Repeat the listing exactly as given, omitting every image.

Data:
------------------------

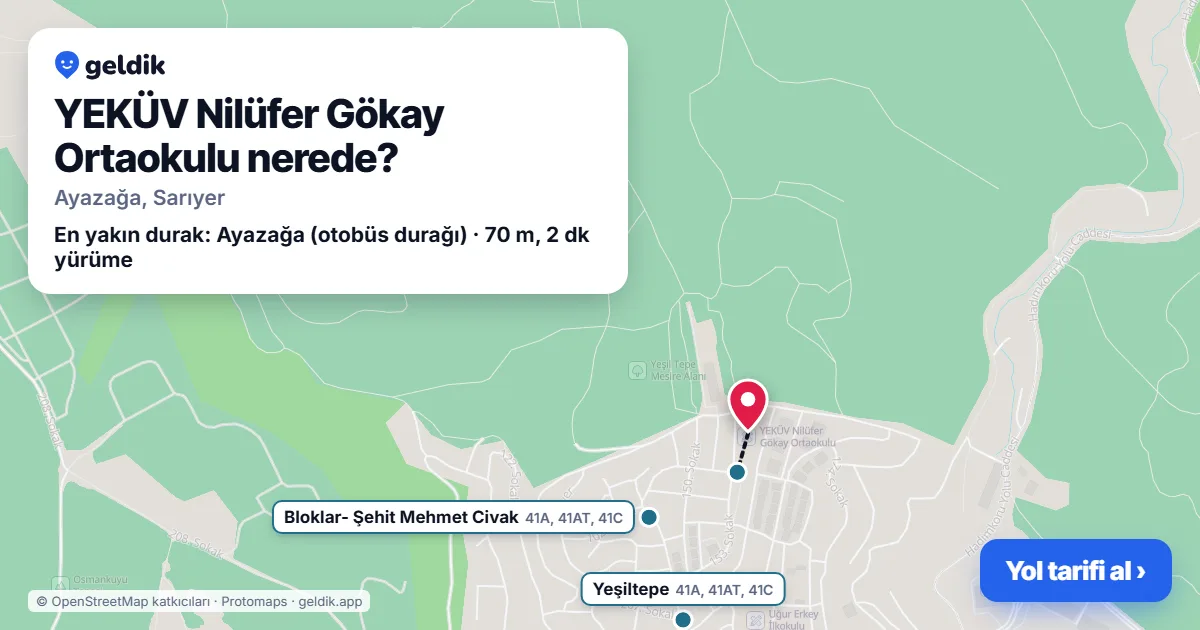 YEKÜV Nilüfer Gökay Ortaokulu nerede: haritada konumu ve en yakın duraklar, yürüme süreleriyle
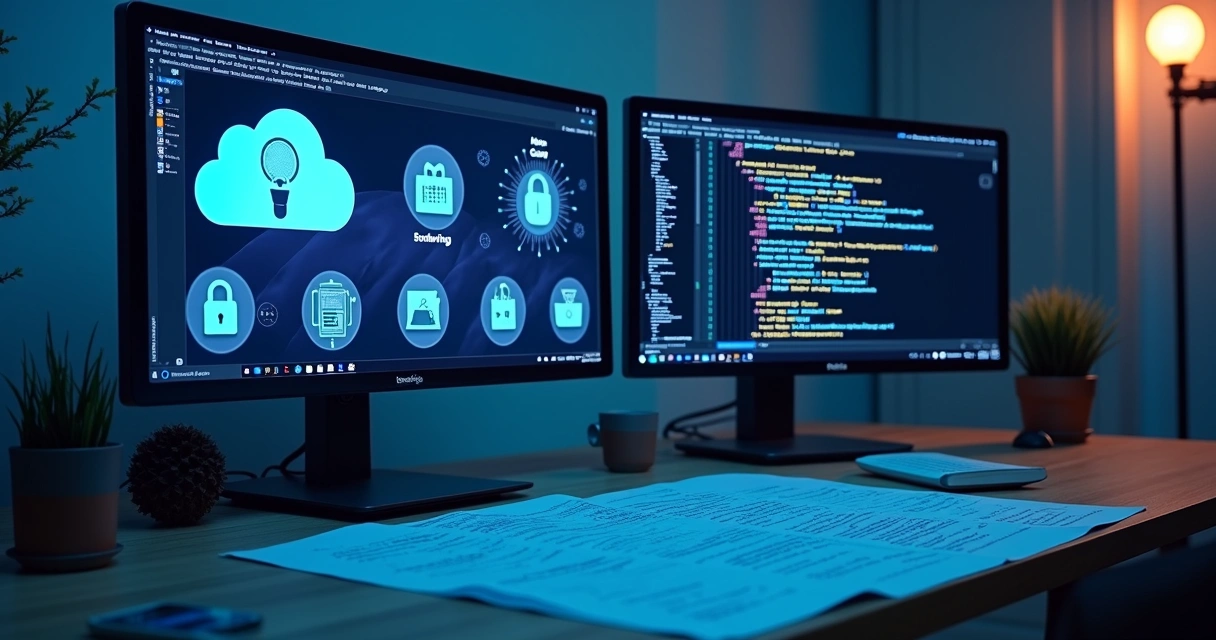 Screen with cloud, security and AI icons, coding window open on modern workstation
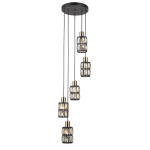 Italux Menfi Wisząca matt black+honey brass 5xE27 40W PND-44236-5-BK-GD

------------------------

Reply to the task:
 YEKÜV Nilüfer Gökay Ortaokulu nerede: haritada konumu ve en yakın duraklar, yürüme süreleriyle
 Screen with cloud, security and AI icons, coding window open on modern workstation
 Italux Menfi Wisząca matt black+honey brass 5xE27 40W PND-44236-5-BK-GD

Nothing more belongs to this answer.